Speaker
Description
Current cryocooler technologies rely on compressors and displacers to generate pressure oscillations requiring high electrical power and regular maintenance intervals. These requirements limit the convenience of cryocoolers for renewable energy, specifically zero-boil-off applications. Thermoacoustic instabilities are spontaneously excited sound waves in resonators, which transport energy along a piping network. Utilizing these sound waves to remove heat from the cold space creates a robust paradigm for cryogenic refrigeration (cryocooling) with no moving parts. This study discusses the design and implementation of a thermoacoustic cryocooler using hydrogen as the working fluid. A toroidal acoustic resonator system is designed to excite traveling sound waves using an imposed temperature gradient on an engine regenerator between the ambient and hot heat exchangers. The generated acoustic waves then propagate into the pulse-tube or traveling-wave setup producing refrigeration in the cooler regenerator. Modeling techniques, results, and the optimal geometric configurations for the engine-refrigerator combinations are reported.
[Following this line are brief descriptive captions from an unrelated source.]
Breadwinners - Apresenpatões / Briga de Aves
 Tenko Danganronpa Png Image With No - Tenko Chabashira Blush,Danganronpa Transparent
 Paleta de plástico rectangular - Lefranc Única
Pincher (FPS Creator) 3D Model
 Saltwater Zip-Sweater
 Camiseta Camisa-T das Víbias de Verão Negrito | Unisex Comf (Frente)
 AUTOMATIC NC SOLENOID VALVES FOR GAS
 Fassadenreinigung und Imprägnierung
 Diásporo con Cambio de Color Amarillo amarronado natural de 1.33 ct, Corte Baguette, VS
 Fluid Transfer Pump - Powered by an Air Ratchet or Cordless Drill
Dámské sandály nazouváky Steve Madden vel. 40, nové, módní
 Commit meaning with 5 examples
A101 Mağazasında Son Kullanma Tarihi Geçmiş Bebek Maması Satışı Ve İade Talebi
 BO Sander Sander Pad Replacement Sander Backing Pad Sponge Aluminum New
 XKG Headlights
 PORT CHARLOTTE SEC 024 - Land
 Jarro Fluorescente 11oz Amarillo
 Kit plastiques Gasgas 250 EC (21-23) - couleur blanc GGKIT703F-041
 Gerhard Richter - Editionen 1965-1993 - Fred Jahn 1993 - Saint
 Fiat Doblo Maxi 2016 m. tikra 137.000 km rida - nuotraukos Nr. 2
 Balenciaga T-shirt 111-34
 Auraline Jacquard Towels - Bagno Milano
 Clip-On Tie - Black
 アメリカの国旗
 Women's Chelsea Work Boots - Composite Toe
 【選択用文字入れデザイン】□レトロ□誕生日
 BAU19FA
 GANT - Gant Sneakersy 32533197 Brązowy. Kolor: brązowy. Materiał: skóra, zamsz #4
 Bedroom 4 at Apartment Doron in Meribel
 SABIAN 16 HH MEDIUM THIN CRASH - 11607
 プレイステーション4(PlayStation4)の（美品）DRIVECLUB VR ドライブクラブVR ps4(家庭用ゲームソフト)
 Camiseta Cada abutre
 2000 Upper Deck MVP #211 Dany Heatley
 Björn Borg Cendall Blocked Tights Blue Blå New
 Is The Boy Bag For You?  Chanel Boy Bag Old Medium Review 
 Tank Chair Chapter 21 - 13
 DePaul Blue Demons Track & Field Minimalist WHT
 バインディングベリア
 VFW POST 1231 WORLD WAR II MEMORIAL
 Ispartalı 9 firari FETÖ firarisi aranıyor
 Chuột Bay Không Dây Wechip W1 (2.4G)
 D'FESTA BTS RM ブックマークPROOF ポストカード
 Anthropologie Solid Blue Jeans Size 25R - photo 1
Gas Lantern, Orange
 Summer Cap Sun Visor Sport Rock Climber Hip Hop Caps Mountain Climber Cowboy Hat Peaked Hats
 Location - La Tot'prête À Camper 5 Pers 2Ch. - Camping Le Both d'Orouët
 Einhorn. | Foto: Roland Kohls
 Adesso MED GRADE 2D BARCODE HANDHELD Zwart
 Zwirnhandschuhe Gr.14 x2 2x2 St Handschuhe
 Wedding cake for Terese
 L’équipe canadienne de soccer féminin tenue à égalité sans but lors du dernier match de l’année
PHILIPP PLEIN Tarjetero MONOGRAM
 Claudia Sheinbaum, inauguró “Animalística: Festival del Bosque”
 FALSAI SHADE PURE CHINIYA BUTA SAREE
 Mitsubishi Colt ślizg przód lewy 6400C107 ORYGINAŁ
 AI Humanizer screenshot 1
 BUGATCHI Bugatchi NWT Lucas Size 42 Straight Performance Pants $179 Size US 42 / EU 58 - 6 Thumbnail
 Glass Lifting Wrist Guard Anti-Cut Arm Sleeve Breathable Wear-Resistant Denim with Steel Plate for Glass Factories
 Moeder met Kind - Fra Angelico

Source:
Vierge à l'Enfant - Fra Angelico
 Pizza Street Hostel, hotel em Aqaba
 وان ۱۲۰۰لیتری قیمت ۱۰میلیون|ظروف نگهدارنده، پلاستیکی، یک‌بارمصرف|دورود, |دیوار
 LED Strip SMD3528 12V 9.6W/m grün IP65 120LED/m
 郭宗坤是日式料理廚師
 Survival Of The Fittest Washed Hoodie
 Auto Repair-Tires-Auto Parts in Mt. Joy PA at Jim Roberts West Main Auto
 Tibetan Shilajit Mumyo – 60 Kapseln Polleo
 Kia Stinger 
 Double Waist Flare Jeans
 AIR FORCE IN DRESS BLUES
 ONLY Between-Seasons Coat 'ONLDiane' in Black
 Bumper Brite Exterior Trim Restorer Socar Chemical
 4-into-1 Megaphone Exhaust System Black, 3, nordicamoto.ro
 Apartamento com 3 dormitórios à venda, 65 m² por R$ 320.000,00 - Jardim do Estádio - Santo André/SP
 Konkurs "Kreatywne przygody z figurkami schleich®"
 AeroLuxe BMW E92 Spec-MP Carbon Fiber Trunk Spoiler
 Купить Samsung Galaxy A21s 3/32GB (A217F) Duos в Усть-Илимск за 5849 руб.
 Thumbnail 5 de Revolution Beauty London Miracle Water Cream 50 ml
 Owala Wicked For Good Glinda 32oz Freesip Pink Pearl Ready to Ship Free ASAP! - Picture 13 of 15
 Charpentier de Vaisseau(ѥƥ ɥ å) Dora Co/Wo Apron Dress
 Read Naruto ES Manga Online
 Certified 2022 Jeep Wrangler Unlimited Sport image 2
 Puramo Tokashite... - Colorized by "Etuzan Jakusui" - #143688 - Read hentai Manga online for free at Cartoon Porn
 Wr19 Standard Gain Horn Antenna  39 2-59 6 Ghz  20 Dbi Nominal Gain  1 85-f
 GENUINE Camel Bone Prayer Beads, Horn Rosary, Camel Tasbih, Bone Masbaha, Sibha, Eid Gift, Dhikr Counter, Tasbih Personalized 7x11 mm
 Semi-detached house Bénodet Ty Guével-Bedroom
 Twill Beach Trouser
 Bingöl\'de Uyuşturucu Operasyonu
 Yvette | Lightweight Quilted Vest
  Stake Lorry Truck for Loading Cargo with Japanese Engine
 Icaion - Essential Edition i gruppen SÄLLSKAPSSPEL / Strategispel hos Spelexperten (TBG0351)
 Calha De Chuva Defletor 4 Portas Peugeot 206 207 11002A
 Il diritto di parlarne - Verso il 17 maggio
The geometric configurations are selected to minimize the temperature gradient required in the engine core to reach a cryogenic temperature below 100 K for a single-stage pulse-tube or traveling-wave setup and produce acceptable cooling power and COP at 110 K. A goal of this initial study is to establish the feasibility of this new cooling paradigm which can be scaled up to intercept heat leak in liquid hydrogen storage vessels.